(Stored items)
********

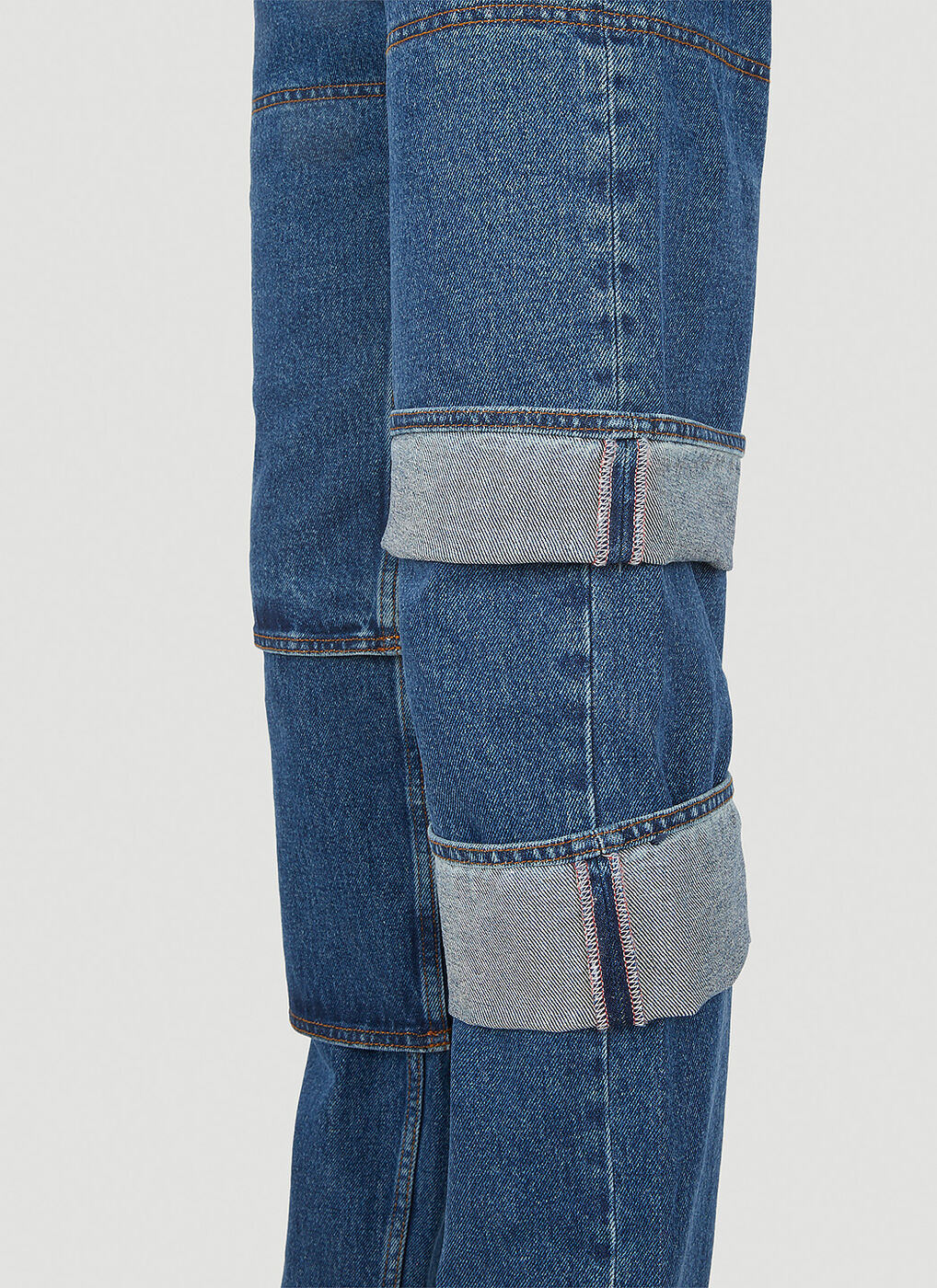 Classic Multi Cuff Jeans in Blue Y/Project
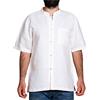 PANASIAM Fisherman Shirt Fairtrade, Hemp, SS White L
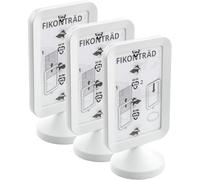 Ikea FIKONTRAD 10x15cm 6x4 Double Sided Photo Menu Frames with Stands, White, 605.187.16, Plastic - Set of 3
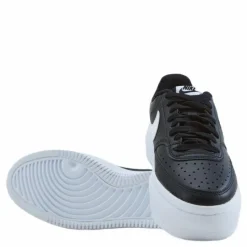 Nike Court Vision Alta Leather Wome Black/white Svart Discount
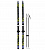 Лыжи SKI RACE подростк. 150 см,  с палками 110 см. пластик  от магазина 2 колеса 34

********

EXERCISE DETAILS: When restating the records word for word, omit any picture they contain.

RESULT FOR THIS EXERCISE:
 Classic Multi Cuff Jeans in Blue Y/Project
 PANASIAM Fisherman Shirt Fairtrade, Hemp, SS White L
 Ikea FIKONTRAD 10x15cm 6x4 Double Sided Photo Menu Frames with Stands, White, 605.187.16, Plastic - Set of 3
 Nike Court Vision Alta Leather Wome Black/white Svart Discount
 Лыжи SKI RACE подростк. 150 см,  с палками 110 см. пластик  от магазина 2 колеса 34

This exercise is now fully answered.